The frequency gap was filled here by injecting harmonics. The module 130 determines the coefficients of the whitening filter from this corrected signal.

 Fig. 6c represents the spectrum of the signal at the output of the whitening filter.

 Fig. 6d represents the spectrum of the signal after spectral transposition, at the output of the transposition module 160. This signal will be reshaped by the filter 170 to provide a spectral enrichment signal which will be added to the initial signal.

 Figs. 7a to 7d illustrate the reconstruction method according to a second embodiment of the invention. In this embodiment, the link 121 exists and the link 111 is absent.

 Figs. 7a and 7b recall the spectrum of the signal at the output of the decoder and of the correction module.

 Fig. 7c represents the spectrum of the signal at the output of the whitening filter. Note that the whitened signal no longer has a frequency hole.

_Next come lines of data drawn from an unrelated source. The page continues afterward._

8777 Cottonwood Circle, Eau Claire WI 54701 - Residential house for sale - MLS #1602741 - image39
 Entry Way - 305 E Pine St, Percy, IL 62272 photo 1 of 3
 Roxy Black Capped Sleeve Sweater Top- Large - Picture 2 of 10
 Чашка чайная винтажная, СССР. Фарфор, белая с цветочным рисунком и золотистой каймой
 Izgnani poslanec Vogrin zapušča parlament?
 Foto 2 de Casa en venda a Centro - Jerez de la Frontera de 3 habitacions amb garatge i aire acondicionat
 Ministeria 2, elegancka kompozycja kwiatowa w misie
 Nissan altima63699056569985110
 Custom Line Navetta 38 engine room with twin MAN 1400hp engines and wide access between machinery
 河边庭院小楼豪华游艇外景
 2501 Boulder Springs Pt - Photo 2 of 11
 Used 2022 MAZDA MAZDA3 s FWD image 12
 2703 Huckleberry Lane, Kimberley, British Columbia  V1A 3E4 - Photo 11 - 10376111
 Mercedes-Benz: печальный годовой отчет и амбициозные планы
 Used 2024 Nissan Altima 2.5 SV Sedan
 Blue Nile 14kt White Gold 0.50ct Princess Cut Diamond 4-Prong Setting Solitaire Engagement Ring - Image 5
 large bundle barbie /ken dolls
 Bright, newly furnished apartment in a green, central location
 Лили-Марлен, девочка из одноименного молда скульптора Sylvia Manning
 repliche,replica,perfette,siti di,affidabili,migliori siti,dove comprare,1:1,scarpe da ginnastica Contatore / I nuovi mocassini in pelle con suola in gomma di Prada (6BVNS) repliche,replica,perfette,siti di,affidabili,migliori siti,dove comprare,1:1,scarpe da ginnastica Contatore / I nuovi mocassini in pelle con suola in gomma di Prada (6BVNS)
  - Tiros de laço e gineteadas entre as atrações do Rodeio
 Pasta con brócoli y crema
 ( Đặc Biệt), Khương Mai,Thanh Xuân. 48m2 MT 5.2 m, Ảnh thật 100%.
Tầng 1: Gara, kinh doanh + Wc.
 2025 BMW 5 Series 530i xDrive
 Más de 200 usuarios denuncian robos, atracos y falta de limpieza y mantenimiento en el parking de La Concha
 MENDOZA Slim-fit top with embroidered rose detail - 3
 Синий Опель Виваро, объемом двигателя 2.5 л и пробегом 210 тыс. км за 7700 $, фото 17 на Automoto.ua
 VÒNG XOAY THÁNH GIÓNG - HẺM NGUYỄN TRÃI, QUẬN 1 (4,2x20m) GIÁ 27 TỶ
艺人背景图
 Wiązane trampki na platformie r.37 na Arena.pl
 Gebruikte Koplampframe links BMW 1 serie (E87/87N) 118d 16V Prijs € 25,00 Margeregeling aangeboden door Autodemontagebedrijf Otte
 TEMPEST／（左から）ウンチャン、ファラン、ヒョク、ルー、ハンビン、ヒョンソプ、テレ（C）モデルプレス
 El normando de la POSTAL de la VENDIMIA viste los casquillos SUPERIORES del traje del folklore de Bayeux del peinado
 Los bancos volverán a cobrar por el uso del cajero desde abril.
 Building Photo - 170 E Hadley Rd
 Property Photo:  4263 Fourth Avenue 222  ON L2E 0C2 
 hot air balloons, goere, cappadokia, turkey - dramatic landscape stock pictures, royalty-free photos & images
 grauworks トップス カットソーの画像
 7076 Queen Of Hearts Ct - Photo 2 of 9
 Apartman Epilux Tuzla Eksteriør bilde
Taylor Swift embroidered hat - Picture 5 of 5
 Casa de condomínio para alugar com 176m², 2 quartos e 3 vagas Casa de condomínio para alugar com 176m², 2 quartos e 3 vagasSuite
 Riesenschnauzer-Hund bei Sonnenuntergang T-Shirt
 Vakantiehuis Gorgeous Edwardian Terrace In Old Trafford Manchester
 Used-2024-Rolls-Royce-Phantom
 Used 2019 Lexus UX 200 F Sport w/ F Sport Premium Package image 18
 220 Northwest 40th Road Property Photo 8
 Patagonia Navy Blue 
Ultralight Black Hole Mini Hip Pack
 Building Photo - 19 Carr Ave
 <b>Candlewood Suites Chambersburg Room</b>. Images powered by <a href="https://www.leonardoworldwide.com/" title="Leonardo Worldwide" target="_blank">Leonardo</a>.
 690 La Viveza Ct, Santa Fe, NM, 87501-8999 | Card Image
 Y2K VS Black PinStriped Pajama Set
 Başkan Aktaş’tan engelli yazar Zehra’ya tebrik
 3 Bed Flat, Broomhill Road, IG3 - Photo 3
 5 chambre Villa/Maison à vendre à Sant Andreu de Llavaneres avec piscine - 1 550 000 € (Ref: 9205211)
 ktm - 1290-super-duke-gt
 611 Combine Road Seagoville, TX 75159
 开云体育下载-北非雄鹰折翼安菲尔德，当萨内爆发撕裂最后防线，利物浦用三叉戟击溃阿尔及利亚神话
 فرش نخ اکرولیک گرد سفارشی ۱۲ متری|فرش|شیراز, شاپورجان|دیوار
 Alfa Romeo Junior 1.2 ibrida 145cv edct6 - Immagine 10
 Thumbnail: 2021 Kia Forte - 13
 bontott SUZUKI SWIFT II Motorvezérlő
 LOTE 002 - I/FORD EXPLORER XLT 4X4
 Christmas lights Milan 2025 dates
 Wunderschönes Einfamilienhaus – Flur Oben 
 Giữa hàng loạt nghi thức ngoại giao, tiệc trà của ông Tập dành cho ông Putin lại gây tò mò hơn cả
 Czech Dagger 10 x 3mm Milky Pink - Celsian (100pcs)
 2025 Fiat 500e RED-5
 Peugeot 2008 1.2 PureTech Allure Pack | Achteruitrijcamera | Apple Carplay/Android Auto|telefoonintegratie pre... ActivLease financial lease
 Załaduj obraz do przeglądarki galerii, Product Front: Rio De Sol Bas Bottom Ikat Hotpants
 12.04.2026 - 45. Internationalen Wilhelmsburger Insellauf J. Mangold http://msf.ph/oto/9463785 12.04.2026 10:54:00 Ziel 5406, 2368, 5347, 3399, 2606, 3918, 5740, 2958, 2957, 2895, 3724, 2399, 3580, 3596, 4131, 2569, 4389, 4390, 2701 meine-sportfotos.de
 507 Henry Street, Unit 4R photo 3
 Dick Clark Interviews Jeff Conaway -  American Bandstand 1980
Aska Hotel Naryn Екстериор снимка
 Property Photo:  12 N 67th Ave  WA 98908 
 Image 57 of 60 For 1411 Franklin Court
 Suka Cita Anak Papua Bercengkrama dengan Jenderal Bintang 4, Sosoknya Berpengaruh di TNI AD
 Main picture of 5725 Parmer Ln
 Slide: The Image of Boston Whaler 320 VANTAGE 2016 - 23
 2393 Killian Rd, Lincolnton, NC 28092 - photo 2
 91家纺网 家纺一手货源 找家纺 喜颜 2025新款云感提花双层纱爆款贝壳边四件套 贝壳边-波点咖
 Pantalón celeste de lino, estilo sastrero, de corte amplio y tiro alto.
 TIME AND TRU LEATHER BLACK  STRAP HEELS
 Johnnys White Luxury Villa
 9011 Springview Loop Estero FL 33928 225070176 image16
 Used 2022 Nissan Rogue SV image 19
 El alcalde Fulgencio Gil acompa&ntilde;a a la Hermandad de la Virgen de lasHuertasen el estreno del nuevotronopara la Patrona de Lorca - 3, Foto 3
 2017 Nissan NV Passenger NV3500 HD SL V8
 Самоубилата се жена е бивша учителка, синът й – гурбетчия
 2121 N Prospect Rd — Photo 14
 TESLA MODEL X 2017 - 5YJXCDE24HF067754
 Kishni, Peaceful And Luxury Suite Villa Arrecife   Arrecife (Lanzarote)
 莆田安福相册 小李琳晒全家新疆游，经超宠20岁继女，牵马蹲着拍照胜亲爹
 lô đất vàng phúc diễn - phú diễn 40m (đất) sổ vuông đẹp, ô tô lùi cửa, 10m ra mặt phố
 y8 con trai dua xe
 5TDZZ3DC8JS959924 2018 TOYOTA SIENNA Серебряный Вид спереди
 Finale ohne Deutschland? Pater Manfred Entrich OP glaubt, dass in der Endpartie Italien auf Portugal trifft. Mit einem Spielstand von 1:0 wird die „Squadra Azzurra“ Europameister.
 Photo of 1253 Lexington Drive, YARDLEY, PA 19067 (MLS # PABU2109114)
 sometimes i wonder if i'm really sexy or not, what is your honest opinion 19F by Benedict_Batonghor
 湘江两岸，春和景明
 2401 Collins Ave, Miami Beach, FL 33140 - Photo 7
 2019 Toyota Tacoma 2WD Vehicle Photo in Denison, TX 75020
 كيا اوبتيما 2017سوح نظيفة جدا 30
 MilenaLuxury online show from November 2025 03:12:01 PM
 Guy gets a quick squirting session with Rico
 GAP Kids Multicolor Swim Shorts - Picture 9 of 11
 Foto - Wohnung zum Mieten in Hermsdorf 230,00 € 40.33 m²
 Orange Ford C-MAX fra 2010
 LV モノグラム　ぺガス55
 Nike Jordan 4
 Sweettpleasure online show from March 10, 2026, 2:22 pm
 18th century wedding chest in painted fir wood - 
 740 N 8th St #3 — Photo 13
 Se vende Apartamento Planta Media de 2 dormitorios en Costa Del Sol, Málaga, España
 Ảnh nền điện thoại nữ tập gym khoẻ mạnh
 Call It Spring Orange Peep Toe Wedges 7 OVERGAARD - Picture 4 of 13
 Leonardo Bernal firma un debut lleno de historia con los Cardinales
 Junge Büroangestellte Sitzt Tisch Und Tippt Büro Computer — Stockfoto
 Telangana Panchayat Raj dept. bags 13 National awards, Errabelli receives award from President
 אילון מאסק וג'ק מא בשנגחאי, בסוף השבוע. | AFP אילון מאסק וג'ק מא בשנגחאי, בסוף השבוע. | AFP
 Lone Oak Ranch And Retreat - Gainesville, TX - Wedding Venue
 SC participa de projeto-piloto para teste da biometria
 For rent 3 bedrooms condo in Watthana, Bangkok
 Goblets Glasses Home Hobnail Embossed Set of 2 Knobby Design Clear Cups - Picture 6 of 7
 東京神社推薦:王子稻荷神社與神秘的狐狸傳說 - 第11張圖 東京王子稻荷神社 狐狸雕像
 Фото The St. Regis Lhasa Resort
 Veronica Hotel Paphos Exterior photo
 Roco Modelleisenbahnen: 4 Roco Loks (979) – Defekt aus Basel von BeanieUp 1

 Fig. 7d represents the spectrum of the signal after spectral transposition, at the output of the transposition module 160. This signal will be reshaped by the filter 170 to provide a spectral enrichment signal which will be added to the initial signal.

 Although the device according to the invention has been shown in the form of functional modules, it goes without saying that all or part of this device can be produced by means of a single processor or a plurality of dedicated or non-dedicated processors.

Claims (13)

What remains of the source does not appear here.